INVESTING IN THE FLEET TO DELIVER ACROSS A VARIETY OF OPERATIONAL ENVIRONMENTS
Operating at the cutting edge of the drone industry requires a fleet of modern, up-to-date aircraft and supporting equipment. The speed at which advancements in drone vehicle technologies occur requires operators to constantly remain well appraised of new entries to the marketplace. While improvements in the physical capabilities of drones are ever-evolving, so too are advancements in communications links, sensor technologies and safety features. Operator-manufacturer partnerships are key to ensure that new vehicles meet the strict demands of the industry. In line with industry ambitions to unlock BVLOS operations in unsegregated airspace, Skyports works closely with its vehicle manufacturers to perform custom sensor integrations in order to demonstrate DAA and UTM capability to regulators.
Much as traditional airlines require a diverse fleet of aircraft to serve different routes and destinations, drone services providers must assess whether one type of drone can fulfil the varying roles it is required to. Skyports operates a mixed-fleet of VTOL fixed-wing and multirotor delivery drones, in order to meet the demands of both rural and urban operating environments. Skyports continues to invest heavily to ensure the fleet remains up-to-date with the latest in sensor and vehicle technologies on the path to unsegregated BVLOS operations.
MAINTAINING SAFETY AT THE CUTTING-EDGE OF THE DRONE INDUSTRY
Pushing the boundaries of the drone industry is not without inherent risk. Safety is at the heart of everything Skyports do.
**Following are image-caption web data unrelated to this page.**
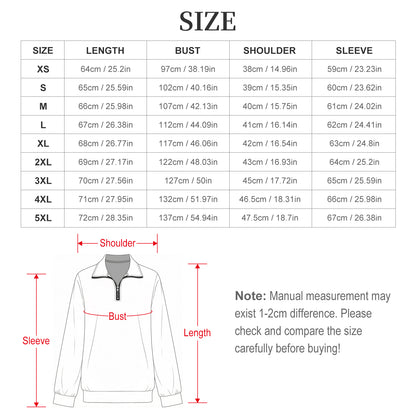 Custom Quarter Zip Pullover for Women with Personalized Print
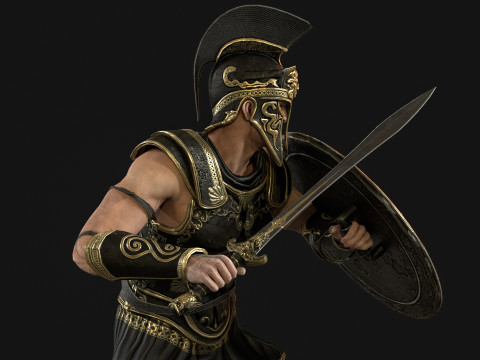 神话战士1 3D 模型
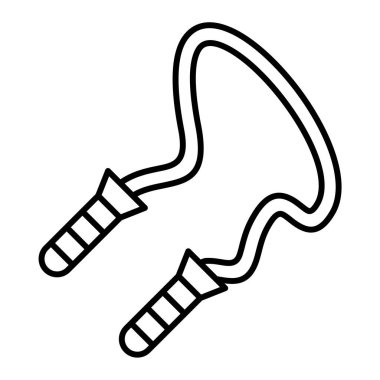 İp simgesini atlama vektör illüstrasyonu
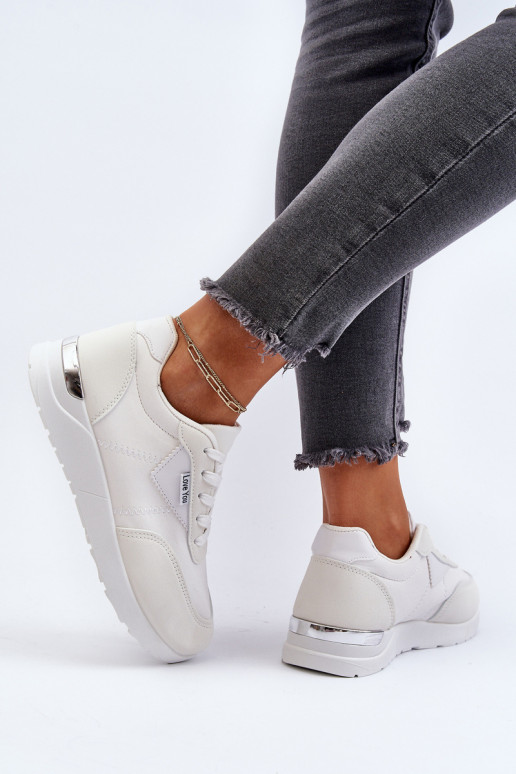sportiniai bateliai Sneakers modelio batai Moteriškos baltos spalvos Vovella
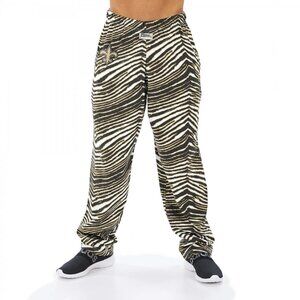 Zubaz NFL New Orleans Saints Classic Zebra Print Team Pants Adult 2XL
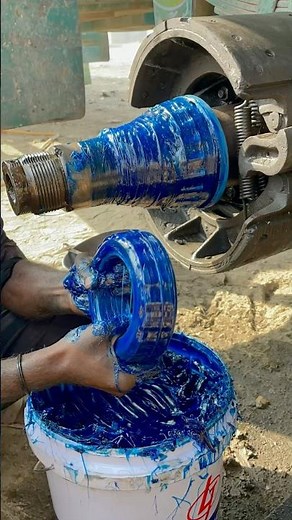 Truck wheel bearing grease | Mind-Blowing bearing grease #shortsfeed #automobile #shorts #grease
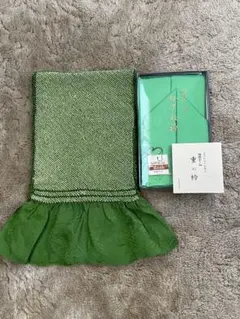 総絞り帯揚げ＆重ね衿　セット　新品未使用品　オレンジ0828さん専用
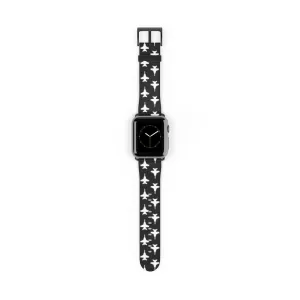 Sample f-18 leather iWatch Band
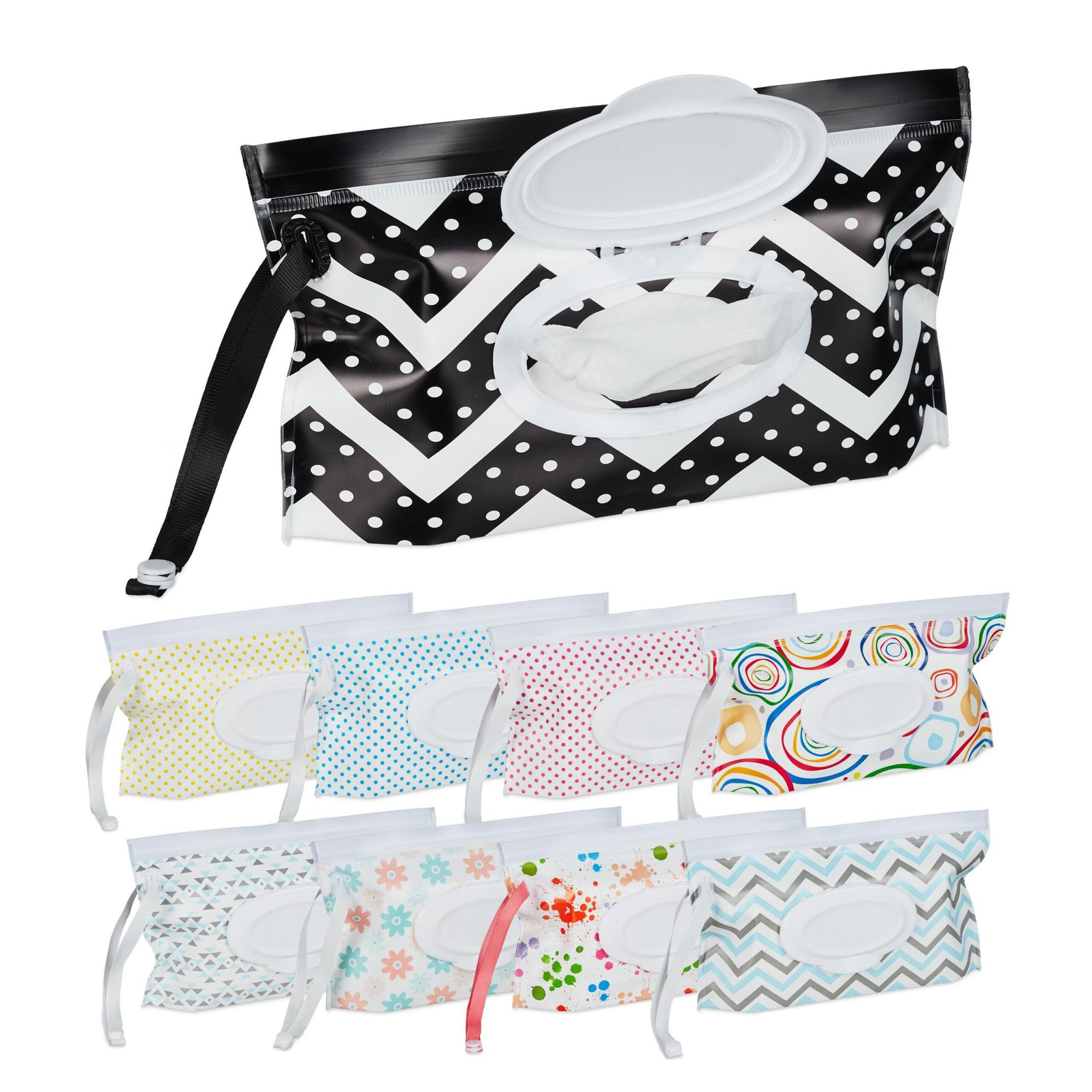 Sacs avec lingettes humides, 9 pc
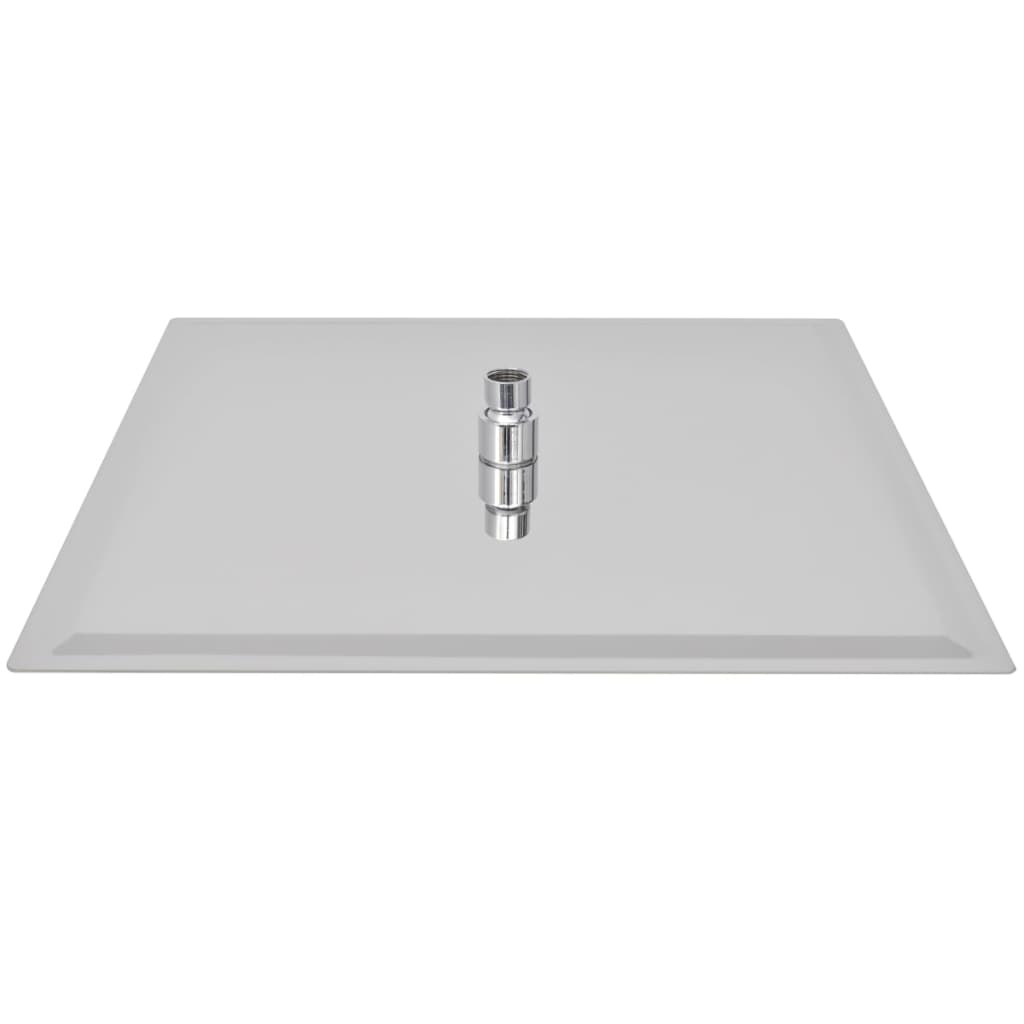 Regndusjhode 2 stk rustfritt stål 40x40 cm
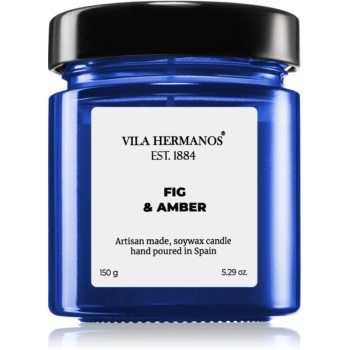 Vila Hermanos Apothecary Cobalt Blue Fig & Amber lumânare parfumată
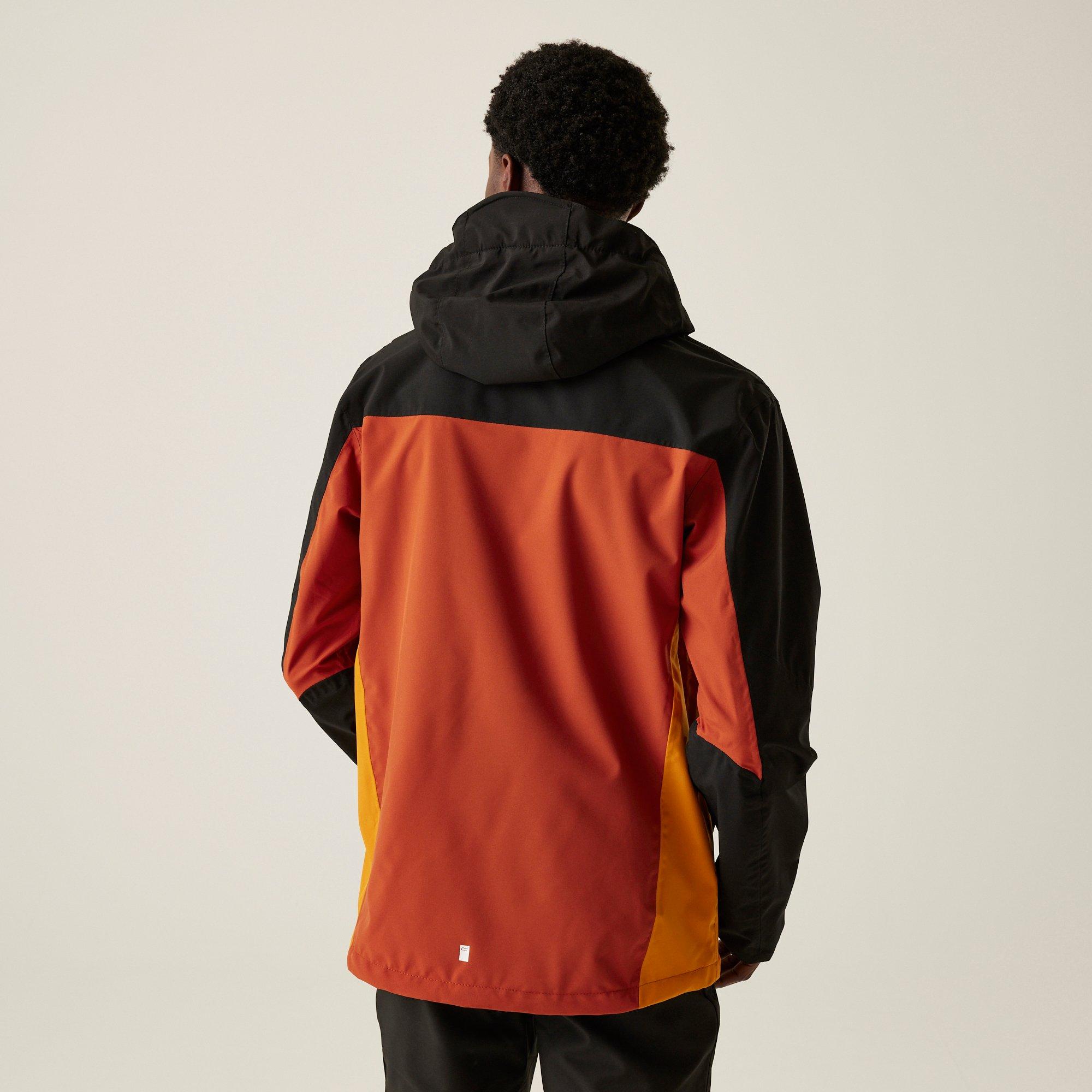 Redochre/Blk - Regatta - Birchdale Waterproof Jacket - 2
It would, therefore, be imprudent to conclude this piece without acknowledging the significant improvements in safety that come part-and-parcel with continuing to invest in drone technologies. Increased vehicle reliability, more robust safety and failsafe features, and improved situational awareness and deconfliction capabilities are just some of the benefits to be gained from continual investment in emergent drone technologies.
Skyports will soon embark on its next project, BVLOS medical deliveries for the NHS in the Argyll and Bute region.